Lengguru : une centaine de candidats au statut d’espèce
Publié par IRD Occitanie, le 6 septembre 2021 970
Une récente étude menée par l’UMR ISEM et ses nombreux partenaires décrit les résultats d’un inventaire des espèces de vertébrés du massif karstique de Lengguru, en Papouasie indonésienne. Sur les 264 espèces caractérisées à l’aide de code-barres ADN, plus de 100 correspondent à des organismes encore non décrits ou à des lignées morphologiquement indiscernables.
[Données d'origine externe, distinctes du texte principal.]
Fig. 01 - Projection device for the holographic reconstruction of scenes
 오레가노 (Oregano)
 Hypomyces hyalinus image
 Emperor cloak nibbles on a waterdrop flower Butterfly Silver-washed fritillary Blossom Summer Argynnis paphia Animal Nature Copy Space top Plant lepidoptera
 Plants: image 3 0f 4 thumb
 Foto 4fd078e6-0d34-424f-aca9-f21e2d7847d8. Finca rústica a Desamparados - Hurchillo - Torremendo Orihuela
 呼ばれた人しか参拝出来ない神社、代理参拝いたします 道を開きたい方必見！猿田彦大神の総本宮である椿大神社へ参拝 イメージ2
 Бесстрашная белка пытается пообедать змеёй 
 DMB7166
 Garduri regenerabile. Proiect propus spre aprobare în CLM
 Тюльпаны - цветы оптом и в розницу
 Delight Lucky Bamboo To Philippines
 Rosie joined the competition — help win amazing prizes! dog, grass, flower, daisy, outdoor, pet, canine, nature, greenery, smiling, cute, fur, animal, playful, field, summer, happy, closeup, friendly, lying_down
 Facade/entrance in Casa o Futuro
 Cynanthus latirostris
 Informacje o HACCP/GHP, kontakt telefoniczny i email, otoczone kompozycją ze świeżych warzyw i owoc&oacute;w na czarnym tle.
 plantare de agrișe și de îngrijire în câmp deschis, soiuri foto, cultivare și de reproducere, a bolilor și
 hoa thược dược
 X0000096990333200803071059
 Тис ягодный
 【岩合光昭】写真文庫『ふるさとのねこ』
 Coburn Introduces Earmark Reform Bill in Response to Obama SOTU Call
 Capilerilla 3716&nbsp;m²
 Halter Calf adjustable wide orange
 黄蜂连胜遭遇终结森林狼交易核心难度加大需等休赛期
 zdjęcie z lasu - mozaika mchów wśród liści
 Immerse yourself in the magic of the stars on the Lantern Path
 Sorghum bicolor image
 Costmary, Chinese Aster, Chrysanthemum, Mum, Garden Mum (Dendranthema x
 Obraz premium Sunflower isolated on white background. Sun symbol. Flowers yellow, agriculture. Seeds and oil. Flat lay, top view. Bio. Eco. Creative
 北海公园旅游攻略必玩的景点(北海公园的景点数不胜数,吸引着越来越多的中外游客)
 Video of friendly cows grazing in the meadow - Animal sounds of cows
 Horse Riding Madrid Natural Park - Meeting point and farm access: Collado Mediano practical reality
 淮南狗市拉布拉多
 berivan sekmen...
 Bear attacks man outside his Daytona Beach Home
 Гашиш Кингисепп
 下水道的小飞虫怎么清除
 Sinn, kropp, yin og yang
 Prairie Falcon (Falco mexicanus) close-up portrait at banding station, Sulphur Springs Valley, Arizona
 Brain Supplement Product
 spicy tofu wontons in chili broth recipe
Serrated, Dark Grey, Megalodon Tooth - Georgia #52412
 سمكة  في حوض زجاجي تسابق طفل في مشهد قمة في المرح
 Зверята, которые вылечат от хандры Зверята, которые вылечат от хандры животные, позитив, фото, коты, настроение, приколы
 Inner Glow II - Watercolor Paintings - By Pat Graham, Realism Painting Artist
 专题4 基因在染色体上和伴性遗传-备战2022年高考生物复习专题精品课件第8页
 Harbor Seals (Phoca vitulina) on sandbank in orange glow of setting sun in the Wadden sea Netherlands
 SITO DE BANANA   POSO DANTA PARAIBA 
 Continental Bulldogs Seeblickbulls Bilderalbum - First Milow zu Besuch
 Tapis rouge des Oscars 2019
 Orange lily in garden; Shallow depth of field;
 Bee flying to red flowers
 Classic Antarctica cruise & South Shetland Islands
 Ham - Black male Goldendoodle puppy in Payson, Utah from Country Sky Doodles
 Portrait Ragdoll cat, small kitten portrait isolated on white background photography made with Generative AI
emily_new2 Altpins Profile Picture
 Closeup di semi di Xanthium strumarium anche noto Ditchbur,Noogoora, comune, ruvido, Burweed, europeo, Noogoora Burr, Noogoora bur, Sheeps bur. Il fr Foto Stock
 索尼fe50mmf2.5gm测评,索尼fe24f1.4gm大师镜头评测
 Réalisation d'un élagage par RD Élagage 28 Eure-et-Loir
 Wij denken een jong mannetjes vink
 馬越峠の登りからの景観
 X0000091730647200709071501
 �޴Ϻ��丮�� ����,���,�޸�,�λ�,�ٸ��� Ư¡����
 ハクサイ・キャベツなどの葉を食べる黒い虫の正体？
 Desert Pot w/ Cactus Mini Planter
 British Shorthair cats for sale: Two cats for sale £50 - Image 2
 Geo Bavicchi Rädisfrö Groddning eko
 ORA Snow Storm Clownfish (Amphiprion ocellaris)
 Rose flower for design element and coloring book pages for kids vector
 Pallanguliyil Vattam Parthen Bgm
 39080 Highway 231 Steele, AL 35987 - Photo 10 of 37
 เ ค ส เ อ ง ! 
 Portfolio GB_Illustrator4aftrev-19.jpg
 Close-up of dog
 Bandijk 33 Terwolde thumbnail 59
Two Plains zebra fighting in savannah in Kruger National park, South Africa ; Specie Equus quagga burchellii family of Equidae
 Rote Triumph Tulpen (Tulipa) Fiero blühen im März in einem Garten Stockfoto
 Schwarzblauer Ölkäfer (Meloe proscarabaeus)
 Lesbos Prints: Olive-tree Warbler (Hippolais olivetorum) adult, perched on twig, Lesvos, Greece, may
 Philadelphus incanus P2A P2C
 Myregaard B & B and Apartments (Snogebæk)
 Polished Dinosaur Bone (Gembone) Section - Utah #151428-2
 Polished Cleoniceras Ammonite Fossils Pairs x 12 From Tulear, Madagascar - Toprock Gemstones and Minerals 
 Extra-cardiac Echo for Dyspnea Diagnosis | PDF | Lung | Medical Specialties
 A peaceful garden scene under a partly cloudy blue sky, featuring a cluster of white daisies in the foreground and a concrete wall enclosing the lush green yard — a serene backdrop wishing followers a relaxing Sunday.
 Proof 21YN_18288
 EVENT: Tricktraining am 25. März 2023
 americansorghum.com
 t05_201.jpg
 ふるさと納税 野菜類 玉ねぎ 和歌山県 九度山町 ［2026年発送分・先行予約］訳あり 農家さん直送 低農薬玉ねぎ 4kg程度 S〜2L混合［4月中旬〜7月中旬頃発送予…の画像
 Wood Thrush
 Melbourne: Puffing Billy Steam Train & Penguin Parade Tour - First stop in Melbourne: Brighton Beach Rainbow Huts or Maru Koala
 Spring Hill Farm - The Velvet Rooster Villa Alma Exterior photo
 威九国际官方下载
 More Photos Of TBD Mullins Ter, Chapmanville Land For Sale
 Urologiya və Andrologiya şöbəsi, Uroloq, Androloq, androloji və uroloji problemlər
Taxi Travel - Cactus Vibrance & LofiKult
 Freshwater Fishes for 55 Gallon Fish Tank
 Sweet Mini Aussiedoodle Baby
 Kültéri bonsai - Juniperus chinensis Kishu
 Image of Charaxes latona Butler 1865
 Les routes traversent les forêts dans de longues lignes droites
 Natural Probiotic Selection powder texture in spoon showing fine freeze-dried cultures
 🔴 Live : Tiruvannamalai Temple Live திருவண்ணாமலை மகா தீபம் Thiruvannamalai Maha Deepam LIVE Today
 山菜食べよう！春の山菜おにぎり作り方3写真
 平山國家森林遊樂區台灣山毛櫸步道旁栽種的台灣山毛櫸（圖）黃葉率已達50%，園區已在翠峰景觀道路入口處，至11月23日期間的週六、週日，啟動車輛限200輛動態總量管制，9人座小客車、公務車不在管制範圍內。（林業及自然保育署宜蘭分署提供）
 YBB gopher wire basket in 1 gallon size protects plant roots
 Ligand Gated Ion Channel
Alors que nous observons à l’échelle planétaire une érosion croissante de la biodiversité et l'extinction de nombreuses espèces, des chercheurs découvrent cependant de nouvelles espèces, particulièrement en Nouvelle Guinée. Tour d’horizon du massif de Lengguru où l'inventaire des espèces est loin d'être complet.
L’île de Nouvelle Guinée : une biodiversité singulière
Située au carrefour de l’Asie du Sud-Est et du Pacifique, l’île de Nouvelle Guinée est sans doute l’une des dernières terra incognita en matière de biodiversité. Exubérante, cette biodiversité insulaire présente de nombreux groupes d’espèces emblématiques. « Oiseaux de paradis, échidnés, calaos, kangourous arboricoles et poissons arc-en-ciel sont autant d’animaux qui ont longtemps fasciné les naturalistes et fait l’objet de nombreux documentaires », déclare Nicolas Hubert, généticien et directeur de recherche à l’UMR ISE-M. Bien que son inventaire ait débuté avec les premiers naturalistes au cours du XIXè siècle, cette faune reste l’une des plus méconnue au monde. De par ses paysages accidentés et inaccessibles, l’intérieur de l’île reste encore largement inexploré. Elle a été protégée de la déforestation jusqu’à la fin du XXè siècle mais l’intensification de l’agriculture et le développement d’infrastructures au début du XXIè siècle constituent maintenant des menaces potentielles pour cette biodiversité si singulière.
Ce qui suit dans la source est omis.